Storefronts and websites for payday loans appear popular. Despite the prevalence of these lending houses, many people remain confused over what these “cash advances” are. Basically, a payday loan is a form of short-term lending for limited amounts of money. A lender may offer a loan for as little as $100 to a maximum of $1,000. Other lenders might provide less or more, but there is one common thread among all lenders: the loan becomes secured by an upcoming paycheck.
Loans for Emergencies and Shortfalls
People run short of money at times. Unexpected expenses can drain funds quickly. For someone living from paycheck to paycheck, covering unavoidable medical bills, car repairs, travel expenses, and more can be impossible without credit. The person, however, might not have access to a credit card, or his/her accounts might be maxed out. Others can’t receive approvals for traditional personal loans due to bad credit. Payday loans become the only available option for them. A payday lender becomes more likely to approve a loan since the applicant’s next paycheck covers the loan. Approvals, however, are granted on a case-by-case basis. The requirements for approval, in general, are not too strict.
Repayment Terms on the Loan
Payday loans come with relatively high interest rates. Often, there are additional fees involved, as well. Paying the loan back as quickly as possible reduces interest charges. The duration to pay back the loan may be within one or two weeks. Extensions might be possible, depending on the lender. Those interested in slightly longer loan terms can look at lenders offering 30 to 45-day terms. Even lengthier installment loans may be available.

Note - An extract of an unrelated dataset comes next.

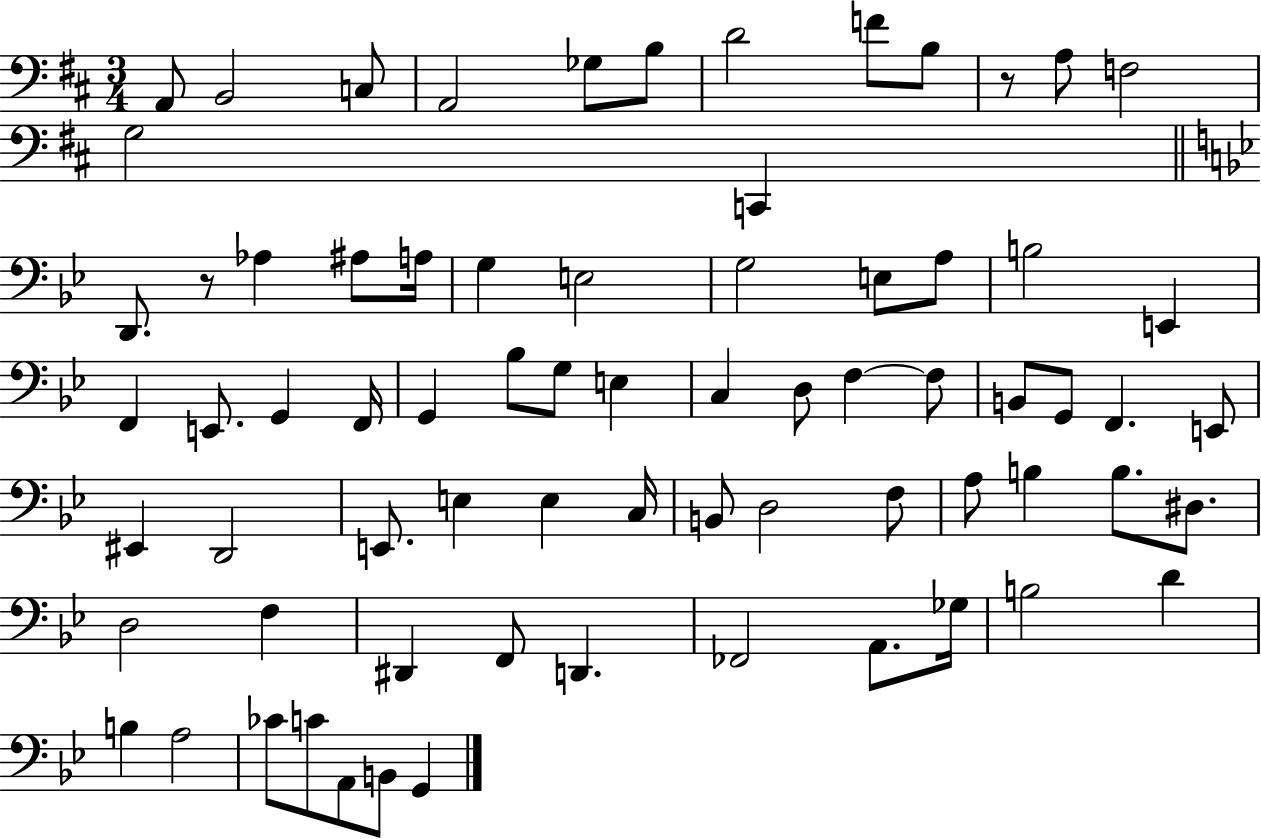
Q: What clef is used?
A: bass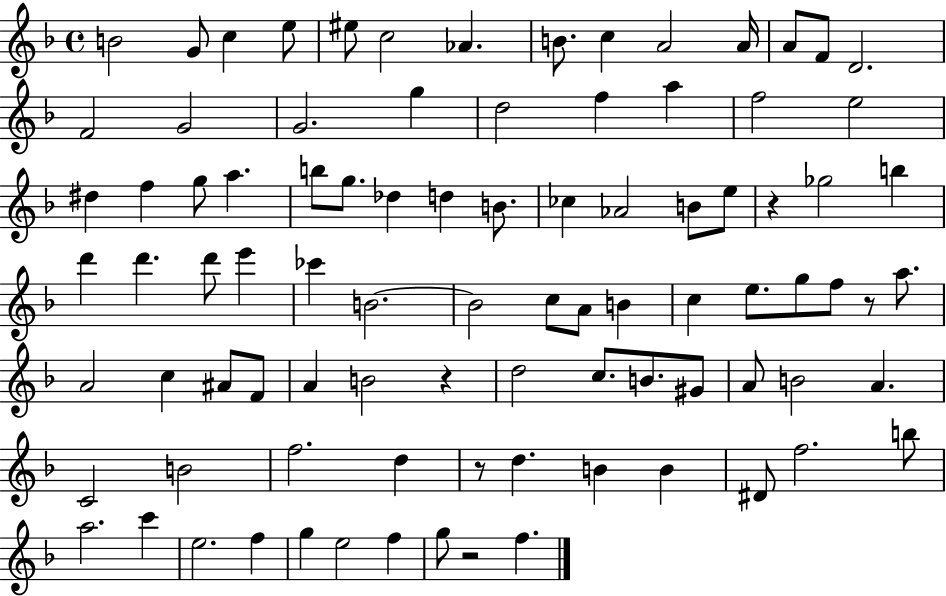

Once again, the Annual Percentage Rate (APR) on a payday loan is much higher than a typical credit card or personal loan. Paying the loan back as fast as possible becomes necessary to save on interest costs. Be aware that the costs associated with payday loans could be less expensive than overdraft fees, and the interest drawn from continually carrying credit card balances month-to-month.
Failure to repay the payday loan usually leads to collection action. The lender may try to deal with the borrower directly at first. If the lender finds the borrower doesn’t pay, the debt could get a referral to a collection service. Collection actions typically go hand-in-hand with negative reports to the credit bureaus.
Qualifying for the Loan
Once again, each lender has its policies regarding application approvals. Maintaining a checking account stands as the likely most common requirement among online lenders. After all, the lender must deposit the funds somewhere. Of course, someone applying for a payday loan must have a job. Sometimes, the lender requires the applicant to prove a minimum number of weeks employed at the workplace. Other requirements include being at least 18 years of age and a United States resident.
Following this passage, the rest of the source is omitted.